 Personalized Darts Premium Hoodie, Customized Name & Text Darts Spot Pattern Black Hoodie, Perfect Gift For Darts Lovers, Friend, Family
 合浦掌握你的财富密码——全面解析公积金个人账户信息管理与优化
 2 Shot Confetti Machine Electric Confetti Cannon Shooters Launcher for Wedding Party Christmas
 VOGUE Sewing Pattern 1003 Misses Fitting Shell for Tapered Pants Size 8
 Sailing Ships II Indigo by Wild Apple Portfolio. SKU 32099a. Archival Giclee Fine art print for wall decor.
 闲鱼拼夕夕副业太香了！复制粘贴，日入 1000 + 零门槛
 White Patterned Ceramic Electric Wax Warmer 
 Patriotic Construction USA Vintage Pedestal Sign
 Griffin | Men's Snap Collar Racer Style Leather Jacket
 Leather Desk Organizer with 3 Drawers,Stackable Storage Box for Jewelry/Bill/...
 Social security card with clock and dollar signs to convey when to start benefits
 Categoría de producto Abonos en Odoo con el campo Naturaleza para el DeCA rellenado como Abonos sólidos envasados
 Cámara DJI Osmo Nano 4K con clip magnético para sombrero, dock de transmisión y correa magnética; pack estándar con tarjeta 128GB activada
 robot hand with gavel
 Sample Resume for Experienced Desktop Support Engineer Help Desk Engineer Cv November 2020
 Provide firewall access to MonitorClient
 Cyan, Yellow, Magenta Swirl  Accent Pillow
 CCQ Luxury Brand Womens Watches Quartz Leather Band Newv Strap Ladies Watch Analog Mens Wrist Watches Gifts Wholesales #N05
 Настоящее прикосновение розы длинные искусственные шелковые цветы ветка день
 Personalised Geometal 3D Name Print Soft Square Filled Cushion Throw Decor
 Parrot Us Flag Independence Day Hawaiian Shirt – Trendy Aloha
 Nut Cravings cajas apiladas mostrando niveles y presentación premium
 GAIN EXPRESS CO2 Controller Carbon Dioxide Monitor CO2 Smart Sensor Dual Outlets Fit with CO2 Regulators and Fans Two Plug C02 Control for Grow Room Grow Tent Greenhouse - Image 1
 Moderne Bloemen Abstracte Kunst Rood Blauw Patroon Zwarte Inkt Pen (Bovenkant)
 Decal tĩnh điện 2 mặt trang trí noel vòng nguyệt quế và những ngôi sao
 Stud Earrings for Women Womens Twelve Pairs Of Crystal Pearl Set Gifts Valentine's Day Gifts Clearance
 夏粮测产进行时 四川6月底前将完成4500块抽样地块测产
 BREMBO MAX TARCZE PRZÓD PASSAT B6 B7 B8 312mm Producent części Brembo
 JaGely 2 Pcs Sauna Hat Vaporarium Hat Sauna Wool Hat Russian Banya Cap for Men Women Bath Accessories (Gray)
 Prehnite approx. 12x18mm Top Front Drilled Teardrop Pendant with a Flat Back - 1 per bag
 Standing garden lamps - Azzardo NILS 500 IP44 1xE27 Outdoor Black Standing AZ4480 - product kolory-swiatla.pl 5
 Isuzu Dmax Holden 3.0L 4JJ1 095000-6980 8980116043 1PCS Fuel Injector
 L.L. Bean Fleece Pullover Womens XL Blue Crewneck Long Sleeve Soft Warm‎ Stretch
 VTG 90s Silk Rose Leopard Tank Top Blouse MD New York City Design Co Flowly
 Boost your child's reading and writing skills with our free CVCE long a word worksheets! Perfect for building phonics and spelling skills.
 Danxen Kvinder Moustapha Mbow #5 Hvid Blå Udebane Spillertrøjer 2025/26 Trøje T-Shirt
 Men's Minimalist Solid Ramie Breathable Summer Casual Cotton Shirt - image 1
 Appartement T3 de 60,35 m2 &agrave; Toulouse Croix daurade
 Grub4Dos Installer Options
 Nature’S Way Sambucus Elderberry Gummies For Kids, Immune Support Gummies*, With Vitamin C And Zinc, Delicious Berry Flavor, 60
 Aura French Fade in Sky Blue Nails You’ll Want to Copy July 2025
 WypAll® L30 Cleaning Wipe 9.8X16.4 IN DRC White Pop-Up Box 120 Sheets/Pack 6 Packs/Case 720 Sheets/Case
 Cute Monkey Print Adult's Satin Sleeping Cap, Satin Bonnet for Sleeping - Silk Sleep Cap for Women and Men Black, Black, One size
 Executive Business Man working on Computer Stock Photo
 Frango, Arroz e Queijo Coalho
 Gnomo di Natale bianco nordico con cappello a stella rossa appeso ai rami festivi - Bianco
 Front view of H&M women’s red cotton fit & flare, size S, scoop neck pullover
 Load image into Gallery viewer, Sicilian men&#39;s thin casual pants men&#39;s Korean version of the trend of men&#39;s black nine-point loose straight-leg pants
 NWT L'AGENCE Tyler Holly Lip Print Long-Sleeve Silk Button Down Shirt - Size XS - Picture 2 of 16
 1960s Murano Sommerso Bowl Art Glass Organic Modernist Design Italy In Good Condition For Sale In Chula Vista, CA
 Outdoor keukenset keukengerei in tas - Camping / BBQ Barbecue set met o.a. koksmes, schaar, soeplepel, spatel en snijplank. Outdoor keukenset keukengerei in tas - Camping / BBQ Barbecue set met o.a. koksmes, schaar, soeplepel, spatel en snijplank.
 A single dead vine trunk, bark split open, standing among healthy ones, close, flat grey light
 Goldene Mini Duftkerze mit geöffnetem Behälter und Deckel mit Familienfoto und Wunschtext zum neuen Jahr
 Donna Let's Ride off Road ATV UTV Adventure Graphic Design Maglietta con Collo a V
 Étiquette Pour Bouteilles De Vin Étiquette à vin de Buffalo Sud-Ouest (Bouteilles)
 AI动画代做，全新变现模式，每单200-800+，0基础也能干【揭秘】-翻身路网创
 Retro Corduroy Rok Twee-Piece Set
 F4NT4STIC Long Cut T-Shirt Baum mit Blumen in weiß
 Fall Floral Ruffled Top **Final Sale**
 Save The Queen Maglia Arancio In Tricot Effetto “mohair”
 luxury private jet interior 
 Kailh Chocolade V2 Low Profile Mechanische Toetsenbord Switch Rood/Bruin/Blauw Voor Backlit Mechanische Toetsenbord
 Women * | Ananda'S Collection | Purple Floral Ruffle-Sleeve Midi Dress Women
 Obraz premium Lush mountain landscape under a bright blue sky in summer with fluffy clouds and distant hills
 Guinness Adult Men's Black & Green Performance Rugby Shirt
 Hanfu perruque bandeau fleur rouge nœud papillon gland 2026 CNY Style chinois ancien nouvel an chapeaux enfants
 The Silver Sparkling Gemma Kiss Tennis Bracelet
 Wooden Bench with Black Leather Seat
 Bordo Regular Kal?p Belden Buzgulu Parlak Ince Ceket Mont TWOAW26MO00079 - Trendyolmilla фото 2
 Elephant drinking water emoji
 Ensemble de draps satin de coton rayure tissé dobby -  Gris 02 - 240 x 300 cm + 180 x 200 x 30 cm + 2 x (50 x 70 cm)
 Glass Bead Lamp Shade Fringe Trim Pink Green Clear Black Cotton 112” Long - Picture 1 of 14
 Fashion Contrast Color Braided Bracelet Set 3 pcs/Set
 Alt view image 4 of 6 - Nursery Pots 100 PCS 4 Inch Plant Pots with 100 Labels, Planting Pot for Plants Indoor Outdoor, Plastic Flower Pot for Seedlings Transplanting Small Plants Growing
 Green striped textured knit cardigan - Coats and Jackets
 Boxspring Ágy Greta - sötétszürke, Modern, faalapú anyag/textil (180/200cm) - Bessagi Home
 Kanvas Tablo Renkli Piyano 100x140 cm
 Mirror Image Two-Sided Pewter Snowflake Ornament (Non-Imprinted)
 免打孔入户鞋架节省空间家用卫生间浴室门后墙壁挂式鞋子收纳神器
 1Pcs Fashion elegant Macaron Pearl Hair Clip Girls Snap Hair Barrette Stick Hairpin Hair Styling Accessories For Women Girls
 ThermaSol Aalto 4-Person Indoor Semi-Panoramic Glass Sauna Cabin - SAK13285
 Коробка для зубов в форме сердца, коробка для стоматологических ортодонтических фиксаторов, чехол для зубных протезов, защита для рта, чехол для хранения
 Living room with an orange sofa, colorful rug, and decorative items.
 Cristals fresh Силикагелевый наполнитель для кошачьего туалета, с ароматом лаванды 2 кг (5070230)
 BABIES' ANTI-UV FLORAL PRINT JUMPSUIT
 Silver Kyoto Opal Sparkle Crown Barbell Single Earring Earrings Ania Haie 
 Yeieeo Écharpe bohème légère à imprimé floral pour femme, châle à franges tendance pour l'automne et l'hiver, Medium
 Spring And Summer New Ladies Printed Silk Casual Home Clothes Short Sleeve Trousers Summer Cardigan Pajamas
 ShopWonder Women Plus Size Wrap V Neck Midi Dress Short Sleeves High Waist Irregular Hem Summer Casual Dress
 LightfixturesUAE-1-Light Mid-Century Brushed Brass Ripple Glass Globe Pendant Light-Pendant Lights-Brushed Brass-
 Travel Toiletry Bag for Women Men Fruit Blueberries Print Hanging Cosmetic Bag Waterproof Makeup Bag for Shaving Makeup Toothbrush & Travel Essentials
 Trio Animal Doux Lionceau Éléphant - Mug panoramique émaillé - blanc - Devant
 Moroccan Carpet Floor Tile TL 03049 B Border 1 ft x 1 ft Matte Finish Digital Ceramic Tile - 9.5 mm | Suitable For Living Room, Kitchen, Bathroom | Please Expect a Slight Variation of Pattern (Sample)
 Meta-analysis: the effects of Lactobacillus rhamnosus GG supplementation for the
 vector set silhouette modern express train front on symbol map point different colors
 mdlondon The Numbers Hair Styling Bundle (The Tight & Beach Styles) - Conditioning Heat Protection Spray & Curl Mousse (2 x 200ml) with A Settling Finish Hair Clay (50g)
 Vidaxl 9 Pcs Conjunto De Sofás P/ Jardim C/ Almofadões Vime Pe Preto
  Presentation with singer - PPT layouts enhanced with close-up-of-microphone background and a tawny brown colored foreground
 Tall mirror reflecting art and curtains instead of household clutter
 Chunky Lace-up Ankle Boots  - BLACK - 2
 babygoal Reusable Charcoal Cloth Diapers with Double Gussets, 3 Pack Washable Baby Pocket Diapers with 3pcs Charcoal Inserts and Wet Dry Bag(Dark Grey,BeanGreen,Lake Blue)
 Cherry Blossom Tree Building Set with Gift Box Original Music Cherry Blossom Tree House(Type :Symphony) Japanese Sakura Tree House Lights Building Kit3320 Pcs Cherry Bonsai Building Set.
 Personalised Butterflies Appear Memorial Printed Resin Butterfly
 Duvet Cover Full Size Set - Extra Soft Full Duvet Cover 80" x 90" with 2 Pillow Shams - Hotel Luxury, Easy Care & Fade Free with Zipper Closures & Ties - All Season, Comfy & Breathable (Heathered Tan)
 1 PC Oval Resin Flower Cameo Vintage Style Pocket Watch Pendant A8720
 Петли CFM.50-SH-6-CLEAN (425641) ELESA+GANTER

(WHAT TO WORK ON): When a line among the entries above contains "Adult", copy it.

(WRITTEN SOLUTION):
 Cute Monkey Print Adult's Satin Sleeping Cap, Satin Bonnet for Sleeping - Silk Sleep Cap for Women and Men Black, Black, One size
 Guinness Adult Men's Black & Green Performance Rugby Shirt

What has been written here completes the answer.